We had argued that in this situation, it was possible but empirically unlikely a tax could make people better off.  Enter Professor Neill, who wrote a comment on our work, saying "no" - it is concetually impossible for a fat tax to increase consumers' well-being in a "standard" economic model of the consumer.  Here are the first sentences of our forthcoming response to Dr. Neill:

We are flabbergasted at how such a fundamental lesson of mathematical economics escaped our attention, but Professor Neill is right and we were wrong.

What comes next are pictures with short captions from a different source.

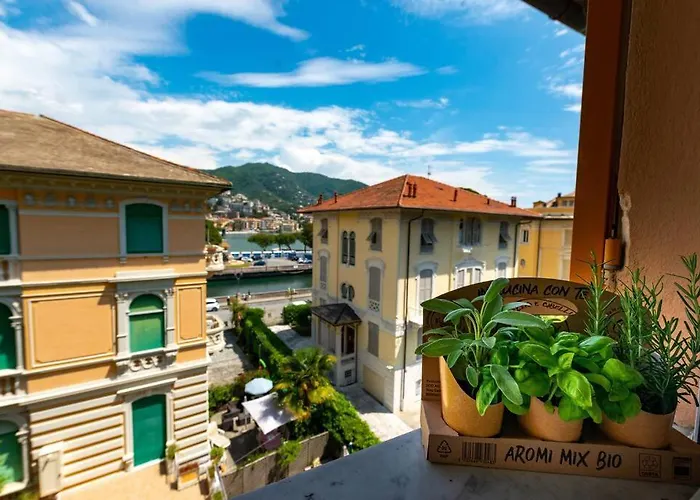 Lejlighed Casa Daniele - Centralissima Sul Porto Di Rapallo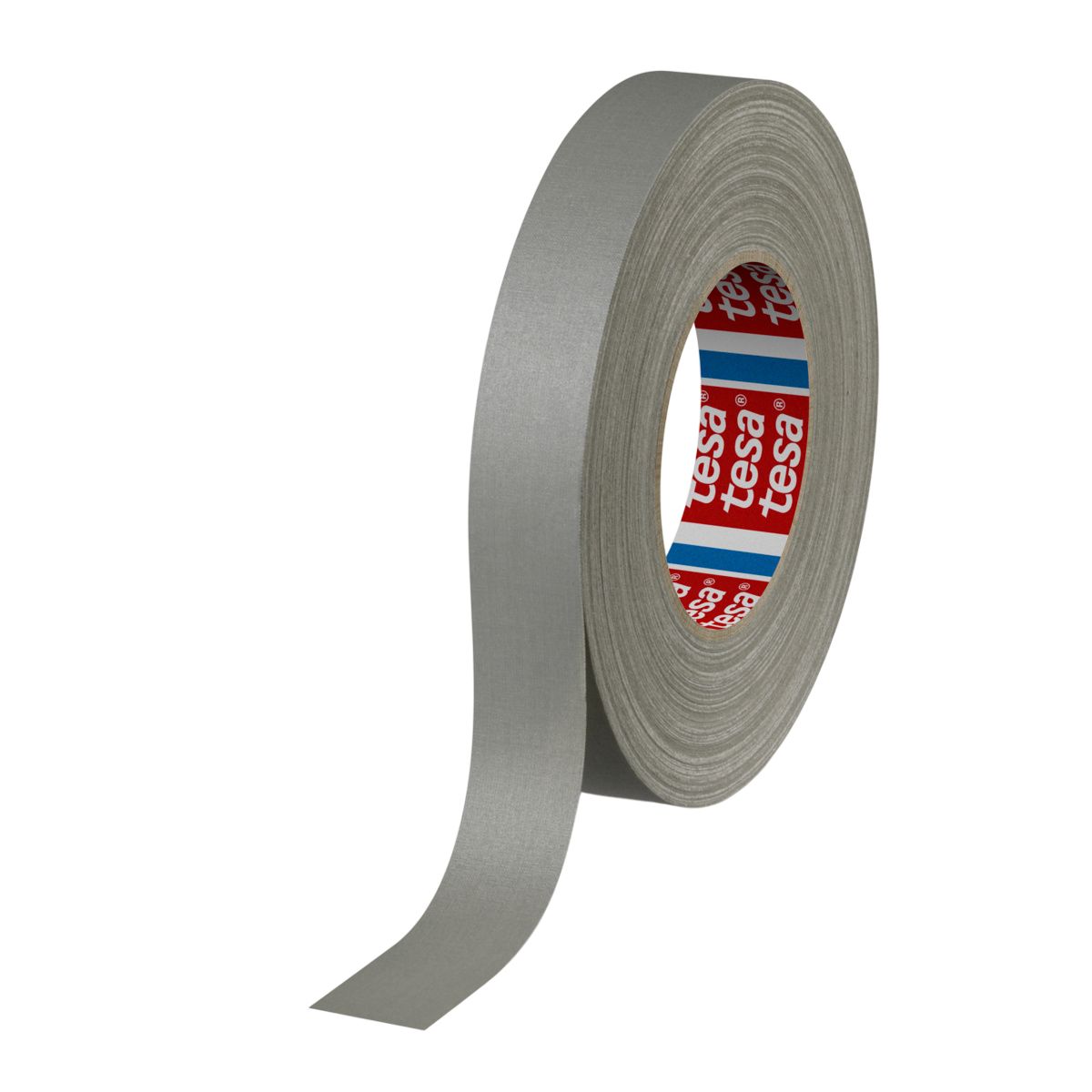 Tesa Tesa 4661 04661-00056-00 Cloth Tape, 50m x 25mm, Grey, Acrylic Coated Finish
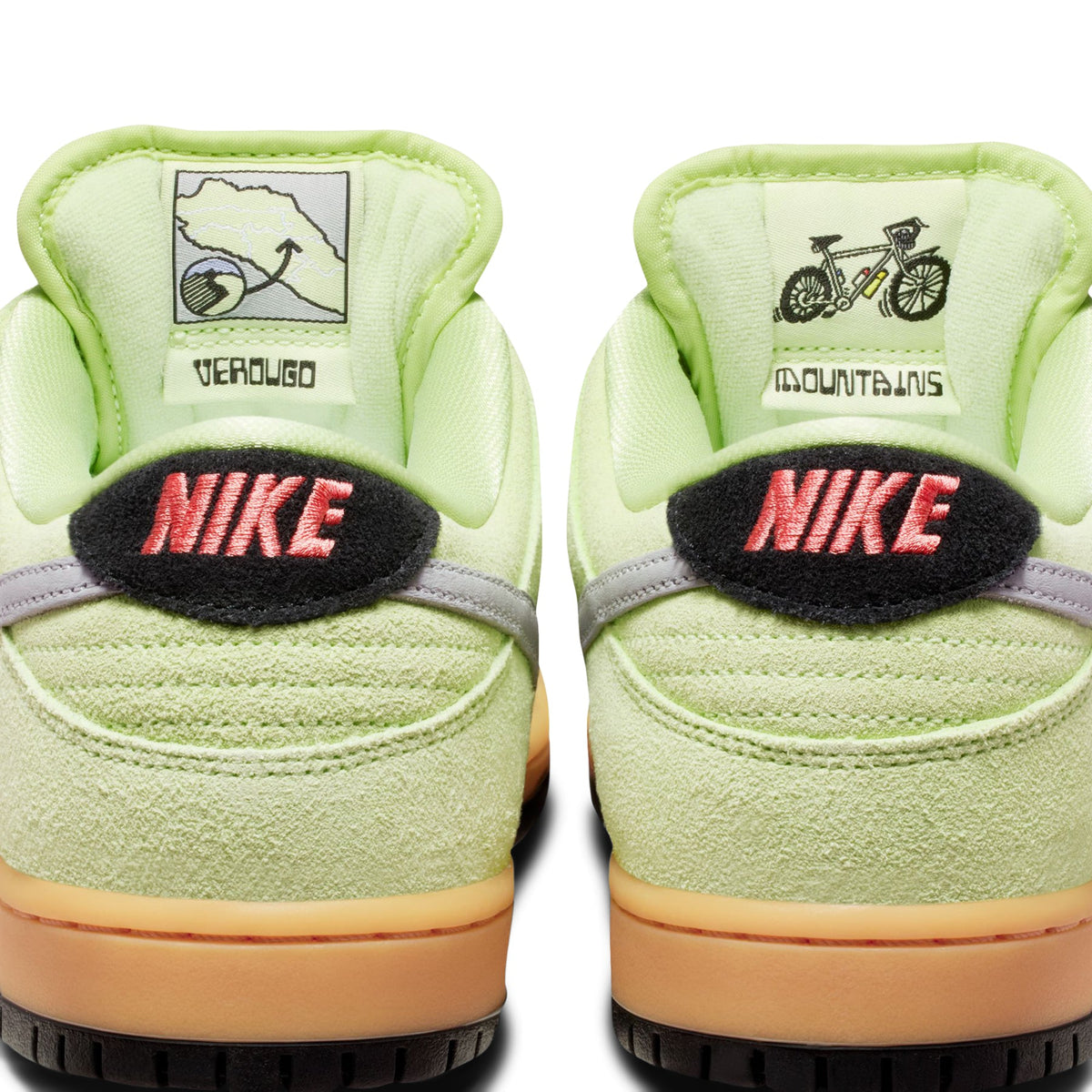 Nike SB SB Dunk Low Pro PRM (Lt Liquid Lime/Wolf Grey-Black)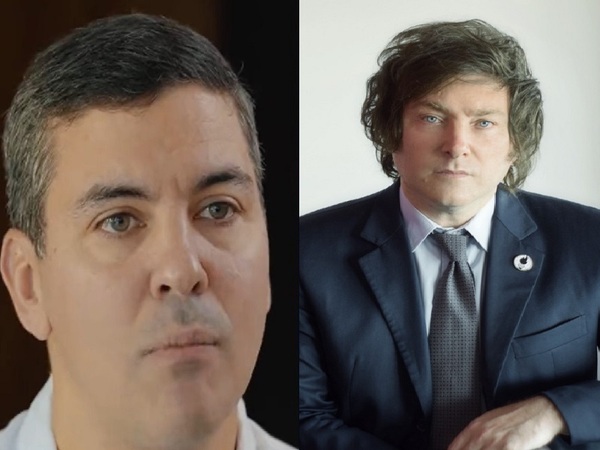 Santiago Peña conversó con el presidente electo de Argentina - La Tribuna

We apologize. 

Neill pointed out, embarrassingly to us, what should be obvious to any serious student of economics.  A tax is akin to reducing someone's income.  No one is better off with less income.  Even if one wants to weight less, they don't need a tax to do it.  A consumer can achieve a lower weight at current prices and re-allocate their income toward other non-weight-increasing goods and achieve a higher level of satisfaction.  

So, how do economist justify fat taxes?  One approach is to claim that obesity is an externality - that my food choices impose a cost on you (via Medicare/Medicaid) and thus a tax can force me to properly consider those costs.  However, in a paper a couple years ago, Bhattacharya and Sood dismantled the validity of that argument (although it is not well understood and continues to be debated).  

Another response is that the "rational consumer utility maximization" model is incorrect.  This "behavioral economics" approach posits that people fail to properly account for their future well-being and that a tax can force people to make decisions today that their future selves will ultimately find beneficial.  The precise mechanism for this welfare improvement is rarely laid out with any precision.      

In our reply to Neill, we tried to sketch out a behavioral-economics type model to see when a fat tax might be justified on those grounds.  Here is our conclusion:

under this sort of behavioral economics framework, where people naively or myopically optimize utility without considering future weight effects, it is possible to imagine situations where raising prices might increase ultimate experienced welfare. However, this condition occurs only when price is very high and falls in the range where consumption would take place only because people are ignoring the ultimate health impacts; at lower prices, a ‘fat tax’ would only lower welfare.